Perhaps it would be better if we had yet another word for this. But in financial contexts, I'd argue this is the main meaning of the word capital. A loan guarantee is a much more substantive form of capital than whatever is offered by a liquidity provider who benefits from the guarantee, even though it's the latter who holds the wealth.
"Liquidity" is very tempting but it's also impossibly polysemous, so vague at best. A particular usage can often often only be parsed by financerati who are able to understand (and often, deduce) the intended meaning.
It is! A bank's "capitalization" is an attempt at describing the *private* risk-bearing brought to bear on behalf of the bank. But the "capitalization" is provided by the party that bears risk. Depositors hold "capital" in the sense of "wealth", but they do not in any meaningful sense "capitalize the bank".
Liquidity is quite distinct from capital in this sense. Liquidity can be provided by a risk bearer. But it needn't be. It independently emerges when risks are fully borne, in the context of a modern financial system.
There is a unity between what a shareholder in an ordinary firm and the government for its countries banks provide: financial risk-bearing.
Finance is a factor of production. Without it there is no production. But what is scarce in finance is financial risk-bearing. Nothing more and nothing less, in modern financial systems. Liquidity is endlessly available once risk is fully borne.
The reason why "financial capital" is the right word for this is precisely because it is a factor of production, like physical capital. Like the pistons of a factory, without some party to bear the risk of buying the pistons, nothing will be produced. Sure, without oxygen nothing would be produced either, but it's not scarce. Same with liquidity. On the financial side, the scarce factor is risk bearing. So it should be counted "capital" in your first sense, even though it isn't physical stuff.
Okay. You've 100% convinced me that we should say "financial risk-bearing" (forgive me, FRB) rather than the impossibly and inevitably ambiguous "capital." FRB is perhaps not as mechanically precise as I tend to like, but that's a + here. It encompasses multiple mechanisms of FRB, deployed at multiple removes from the proximate risk-bearer/payer. This an Aha term and understanding for me, thanks! A category label under which I can conceive a taxonomy of mechanisms.
OTOH, ahem...
> Finance is a factor of production. Without it there is no production.

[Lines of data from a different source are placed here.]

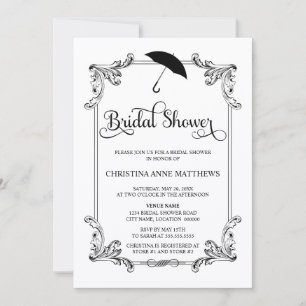 Vintage Ornament Umbrella Script Bridal Shower Invitation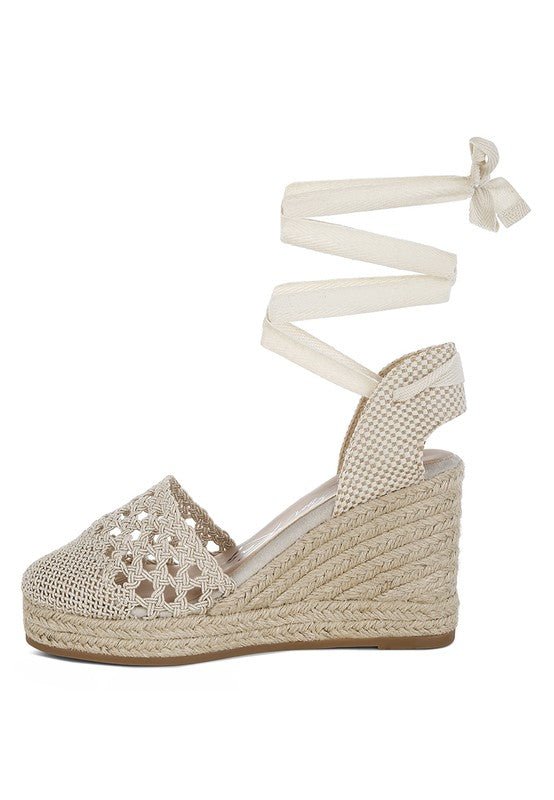 Sea Breeze Woven Lace - Up Espadrille Wedges - Loving It Shop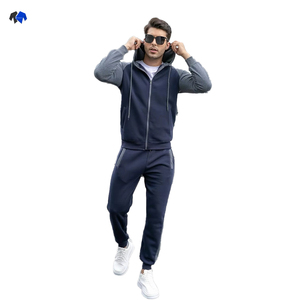 Winter Streetwear Fleece 2 Piece Set Men Tracksuits Pants with String and side pockets and Zippers Hoodie <b>Jogging</b> <b>Suits</b> For Men - Product Image 1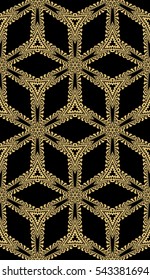 modern geometric design. abstract shape cube. vector illustration. gold on black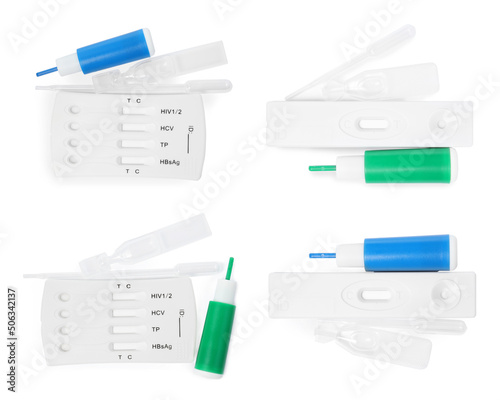 Set with disposable express test kits for hepatitis on white background, top view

Utterly disagree. The second sentence does NOT support the first. The only inputs to production are human labor/effort, and natural resources. Financing or "funding" (from borrowing, sales/profits, whadevuh) just delivers assets onto balance sheets that can then be spent to purchase those factors of production. So they're necessary for production to occur. In practice FRB likewise enables and is necessary for that investment spending to happen. Stockholders, in the modern economy, need to exist. As does the Fed and other FRBers.
> the scarce factor is risk bearing. So it should be counted "capital"

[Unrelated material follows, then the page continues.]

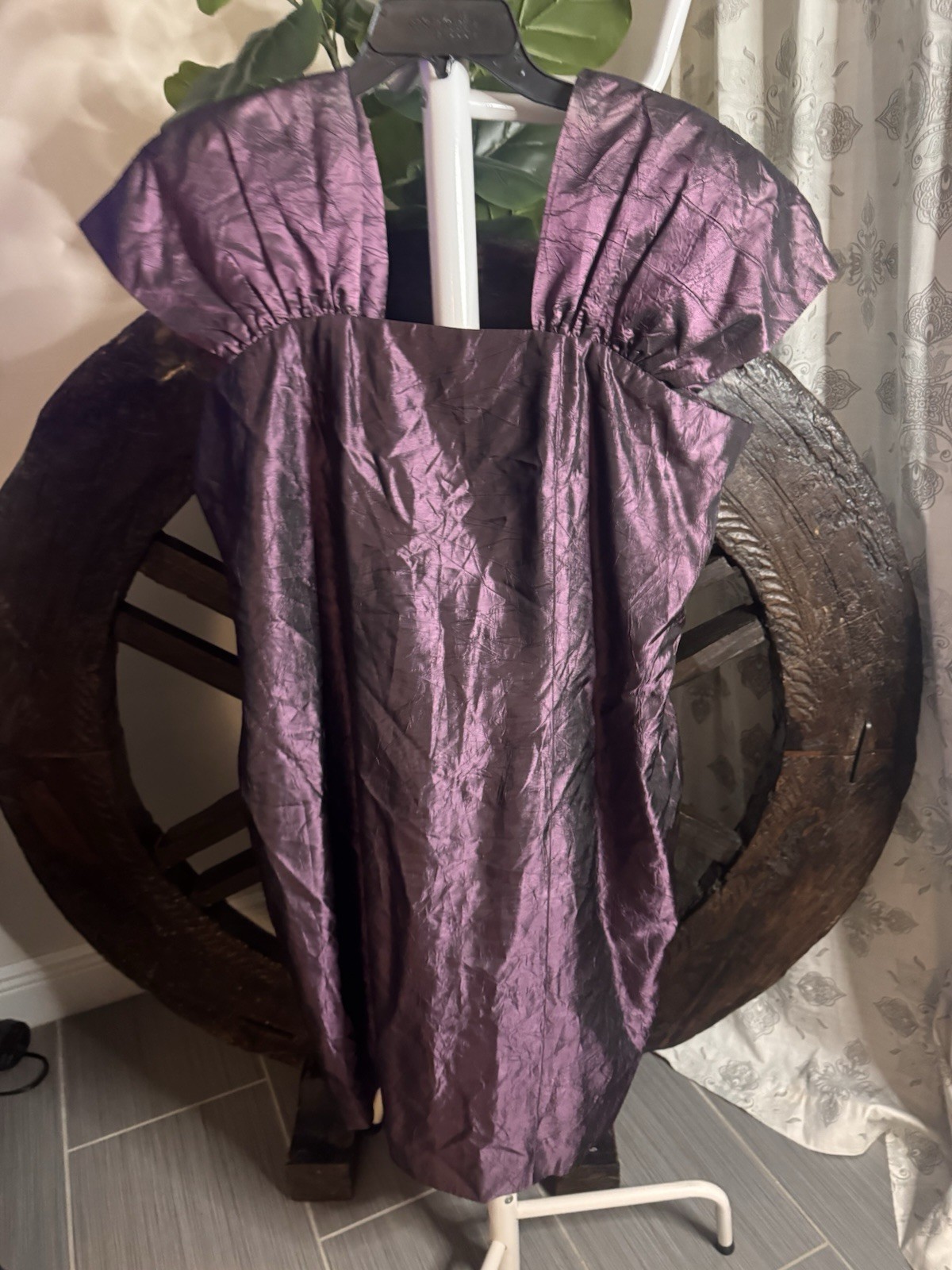 VTG 80s Iridescent Purple Taffeta Custom Handmade Cocktail Dress Pleated Sleeves VTG 80s Iridescent Purple Taffeta Custom Handmade Cocktail Dress Pleated Sleeves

Here, the first doesn't support the second. If, as I think you'll agree, we need to think of capital as a stock of stuff, I'm having a lot of difficulty comprehending what a "stock" of risk-bearing would be.
Semi-aside, this reminds me of optimal taxation theory and its anathema of "taxing capital." In a world in which ETF shareholders (etc) are the far-removed risk-bearers. OTT conceives them as the actual investment spenders, a flow concept, while in fact they're just holding, owning their ETF shares. Sheer ownership is not an input to production. Or even a funding source for it.
But back to the top, yeah: they're the ultimate FRBers for particular firms, and FRBers need to exist.
I realize I should reply proleptically to a possible and reasonable objection. Capital services are also reasonably seen as an input to production. But those can reasonably be seen as outputs from previous production of capital, which ultimately devolves back to human effort + natural resources. (This is I think a more complete understanding than Marx's (my words) condensed past work-hours.)
I also, BTW, tend to think about the human labor/effort "factor" as human-capital services delivered to production. Much of that human capital comes from "natural resources" (humans have exceptional abilities at birth, subject to "normal" development. They can walk upright, use their hands, speak, etc.) But much comes from human-produced abilities/capital – produced via education, health care, etc.
I assume the default definition of Capital is the stock of assets held by private individuals, corporations and governments that can be traded in the market.
Marxist often say the strangest things. But I do appreciate David Harvey's (probably the most famous living teacher if Marx's Capital) thought provoking explanation of what Marx believed capital was: value in motion.
What the hell does that mean? We'll, Marx spent 1,152 pages explaining... And that's just the first of -three- books 🤣
Anyways, thanks again for sharing your thinking. I sure enjoyed reading.
>I assume the default definition of Capital is the stock of assets held by private individuals, corporations and governments that can be traded in the market.
I'd say the default definition is "long-lived (productive) real stuff." But our disagreement there just shows why we should stop using the word "capital."
For your def we already have a perfectly good, perfectly clear term: Wealth. As or NW.
> individuals, corporations and governments
Problem there: you can't just sum these up to get NW of the full Domestic/National sector. Need to *consolidate.* If corps sells bonds to HHs, each has more assets. (Corps get cash, HHs get newly-created bonds.) Summing their assets double-counts the new assets.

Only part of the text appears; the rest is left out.